One-loop constituent quark contributions to the vector and axial-vector meson curvature mass

TL;DR

This paper calculates the fermionic one-loop contributions to the curvature masses of vector and axial-vector mesons within a (2+1)-flavor constituent quark-meson model, analyzing temperature effects and mixing phenomena.

Contribution

It provides a transparent derivation of fermionic contributions to vector and axial-vector meson masses and clarifies the renormalization process within the extended linear sigma model.

Findings

Fermionic corrections are expressed as simple integrals involving Fermi-Dirac distributions and Polyakov-loop effects.

Temperature dependence of vector and axial-vector meson masses is characterized.
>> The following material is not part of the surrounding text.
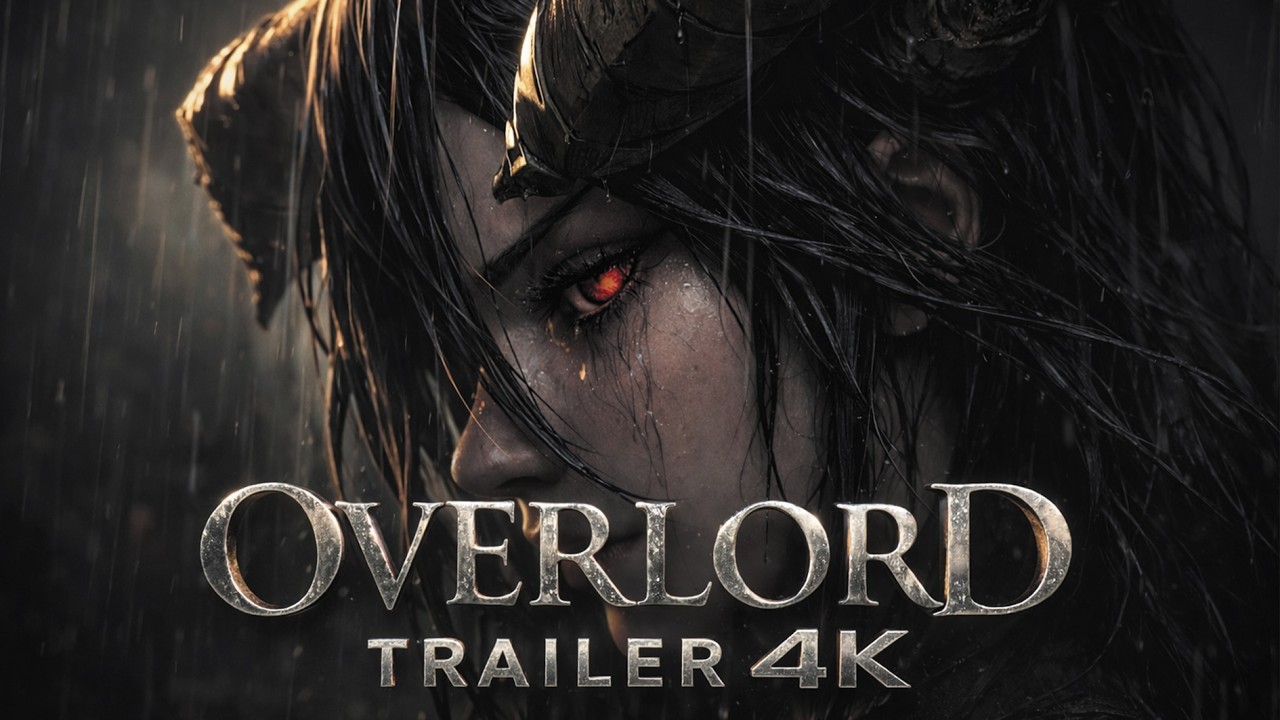 OVERLORD  | Ainz Ooal Gown Trailer 4K #overlord  #ainzooalgown #realisticanime #anime #cinematicai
Renormalization lifts redundancies in the extended linear sigma model.

Abstract

The renormalized contribution of fermions to the curvature masses of vector and axial-vector mesons is derived with two different methods at leading order in the loop expansion applied to the (2+1)-flavor constituent quark-meson model. The corresponding contribution to the curvature masses of the scalar and pseudoscalar mesons, already known in the literature, is rederived in a transparent way. The temperature dependence of the curvature mass of various (axial-)vector modes obtained by decomposing the curvature mass tensor is investigated along with the (axial-)vector--(pseudo)scalar mixing. All fermionic corrections are expressed as simple integrals that involve at finite temperature only the Fermi-Dirac distribution function modified by the Polyakov-loop degrees of freedom. The renormalization of the (axial-)vector curvature mass allows us to lift a redundancy in the original Lagrangian of the globally symmetric extended linear sigma model, in which terms already generated by the covariant derivative were reincluded with different coupling constants.